§ Entries taken from a collection
-- Opening Marker --

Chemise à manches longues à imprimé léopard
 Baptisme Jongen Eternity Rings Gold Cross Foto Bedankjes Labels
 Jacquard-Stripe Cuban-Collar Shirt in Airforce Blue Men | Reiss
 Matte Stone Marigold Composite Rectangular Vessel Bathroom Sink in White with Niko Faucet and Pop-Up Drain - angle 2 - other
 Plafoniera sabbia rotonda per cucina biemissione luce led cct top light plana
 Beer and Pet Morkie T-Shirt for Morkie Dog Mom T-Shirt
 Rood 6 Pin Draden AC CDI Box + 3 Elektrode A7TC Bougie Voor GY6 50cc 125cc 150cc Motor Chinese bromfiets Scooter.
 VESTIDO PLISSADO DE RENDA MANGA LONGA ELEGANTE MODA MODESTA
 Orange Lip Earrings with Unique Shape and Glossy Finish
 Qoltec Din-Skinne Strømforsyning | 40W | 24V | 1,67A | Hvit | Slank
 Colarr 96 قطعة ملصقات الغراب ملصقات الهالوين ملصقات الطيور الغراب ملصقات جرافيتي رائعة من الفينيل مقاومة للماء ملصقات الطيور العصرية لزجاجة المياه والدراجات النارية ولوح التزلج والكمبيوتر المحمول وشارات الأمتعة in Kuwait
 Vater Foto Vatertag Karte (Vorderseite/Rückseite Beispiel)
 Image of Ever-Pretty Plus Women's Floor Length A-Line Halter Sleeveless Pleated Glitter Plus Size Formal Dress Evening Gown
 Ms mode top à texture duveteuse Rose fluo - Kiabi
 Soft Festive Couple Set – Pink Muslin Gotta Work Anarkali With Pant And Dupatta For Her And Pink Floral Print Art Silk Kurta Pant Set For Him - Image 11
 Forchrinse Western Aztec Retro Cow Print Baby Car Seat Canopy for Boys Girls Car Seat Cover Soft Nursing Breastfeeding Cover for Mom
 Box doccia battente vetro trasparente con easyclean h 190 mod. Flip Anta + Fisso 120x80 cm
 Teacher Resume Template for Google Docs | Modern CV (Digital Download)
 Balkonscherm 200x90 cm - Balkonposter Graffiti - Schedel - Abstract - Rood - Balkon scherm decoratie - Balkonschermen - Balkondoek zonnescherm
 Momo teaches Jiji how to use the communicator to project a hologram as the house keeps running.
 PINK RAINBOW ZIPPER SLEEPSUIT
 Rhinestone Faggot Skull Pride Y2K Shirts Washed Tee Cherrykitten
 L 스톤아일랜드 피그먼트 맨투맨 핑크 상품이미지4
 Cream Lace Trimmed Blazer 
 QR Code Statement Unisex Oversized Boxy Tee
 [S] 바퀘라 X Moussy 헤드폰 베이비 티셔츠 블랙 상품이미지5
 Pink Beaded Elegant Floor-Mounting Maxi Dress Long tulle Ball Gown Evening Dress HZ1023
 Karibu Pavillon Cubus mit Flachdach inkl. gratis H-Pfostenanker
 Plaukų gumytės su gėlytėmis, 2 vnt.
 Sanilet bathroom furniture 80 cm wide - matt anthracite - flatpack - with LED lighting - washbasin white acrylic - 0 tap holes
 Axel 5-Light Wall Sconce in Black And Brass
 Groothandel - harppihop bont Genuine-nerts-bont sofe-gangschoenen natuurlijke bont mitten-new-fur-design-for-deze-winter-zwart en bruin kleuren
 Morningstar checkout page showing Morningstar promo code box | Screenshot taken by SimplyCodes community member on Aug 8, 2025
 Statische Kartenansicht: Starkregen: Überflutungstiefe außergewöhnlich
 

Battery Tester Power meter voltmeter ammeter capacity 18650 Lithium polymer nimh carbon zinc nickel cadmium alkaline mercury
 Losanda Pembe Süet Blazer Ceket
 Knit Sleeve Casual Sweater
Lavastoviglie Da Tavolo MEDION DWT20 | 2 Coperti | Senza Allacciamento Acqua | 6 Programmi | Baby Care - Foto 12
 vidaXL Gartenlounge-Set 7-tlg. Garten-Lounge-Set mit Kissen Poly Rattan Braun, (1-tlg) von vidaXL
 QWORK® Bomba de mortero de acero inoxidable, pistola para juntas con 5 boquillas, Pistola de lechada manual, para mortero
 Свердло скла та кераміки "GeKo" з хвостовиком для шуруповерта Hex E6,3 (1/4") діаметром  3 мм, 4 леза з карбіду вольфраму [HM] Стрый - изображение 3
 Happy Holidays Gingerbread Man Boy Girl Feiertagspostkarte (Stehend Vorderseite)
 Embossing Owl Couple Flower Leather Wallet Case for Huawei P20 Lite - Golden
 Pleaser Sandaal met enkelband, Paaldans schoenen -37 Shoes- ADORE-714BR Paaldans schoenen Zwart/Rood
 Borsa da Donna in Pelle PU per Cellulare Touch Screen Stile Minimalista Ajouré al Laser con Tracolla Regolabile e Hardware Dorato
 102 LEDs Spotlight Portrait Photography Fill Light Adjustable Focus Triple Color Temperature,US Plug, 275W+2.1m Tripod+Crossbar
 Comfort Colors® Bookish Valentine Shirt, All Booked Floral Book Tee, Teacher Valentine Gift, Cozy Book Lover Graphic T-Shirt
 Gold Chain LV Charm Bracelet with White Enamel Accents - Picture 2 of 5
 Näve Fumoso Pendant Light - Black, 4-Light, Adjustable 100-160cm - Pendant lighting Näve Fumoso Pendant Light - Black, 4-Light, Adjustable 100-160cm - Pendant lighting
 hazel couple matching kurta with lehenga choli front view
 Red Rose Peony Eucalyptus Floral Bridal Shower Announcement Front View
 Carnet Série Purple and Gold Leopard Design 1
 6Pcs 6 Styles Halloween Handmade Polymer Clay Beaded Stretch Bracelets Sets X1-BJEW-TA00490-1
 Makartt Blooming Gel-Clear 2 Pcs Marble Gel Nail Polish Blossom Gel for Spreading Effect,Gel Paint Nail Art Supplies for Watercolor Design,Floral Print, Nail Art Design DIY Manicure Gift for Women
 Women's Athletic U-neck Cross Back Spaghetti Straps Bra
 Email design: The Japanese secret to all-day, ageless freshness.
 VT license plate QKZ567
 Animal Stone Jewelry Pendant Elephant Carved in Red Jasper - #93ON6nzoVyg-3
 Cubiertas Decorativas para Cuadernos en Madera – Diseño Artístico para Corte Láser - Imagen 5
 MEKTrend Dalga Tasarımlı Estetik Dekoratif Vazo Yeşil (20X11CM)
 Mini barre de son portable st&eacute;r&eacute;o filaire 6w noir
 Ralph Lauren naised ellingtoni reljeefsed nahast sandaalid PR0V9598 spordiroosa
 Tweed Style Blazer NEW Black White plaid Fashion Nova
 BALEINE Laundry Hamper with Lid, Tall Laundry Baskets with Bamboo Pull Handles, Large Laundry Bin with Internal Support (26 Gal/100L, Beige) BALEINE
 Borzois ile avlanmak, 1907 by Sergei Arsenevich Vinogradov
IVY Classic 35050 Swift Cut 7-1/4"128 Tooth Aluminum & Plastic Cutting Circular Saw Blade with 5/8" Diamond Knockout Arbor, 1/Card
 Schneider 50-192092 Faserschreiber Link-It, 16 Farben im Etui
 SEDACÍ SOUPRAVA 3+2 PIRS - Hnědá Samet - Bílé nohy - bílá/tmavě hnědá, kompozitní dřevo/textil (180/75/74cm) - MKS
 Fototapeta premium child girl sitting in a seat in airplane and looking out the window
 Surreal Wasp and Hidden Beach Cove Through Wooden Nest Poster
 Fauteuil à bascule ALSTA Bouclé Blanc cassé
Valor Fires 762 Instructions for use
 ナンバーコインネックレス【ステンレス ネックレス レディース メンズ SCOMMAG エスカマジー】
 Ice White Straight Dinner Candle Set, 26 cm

-- Closing Marker --

Wherever the word "Baby" appears in a line of the data, copy that line.

§ Answer below
 Forchrinse Western Aztec Retro Cow Print Baby Car Seat Canopy for Boys Girls Car Seat Cover Soft Nursing Breastfeeding Cover for Mom
Lavastoviglie Da Tavolo MEDION DWT20 | 2 Coperti | Senza Allacciamento Acqua | 6 Programmi | Baby Care - Foto 12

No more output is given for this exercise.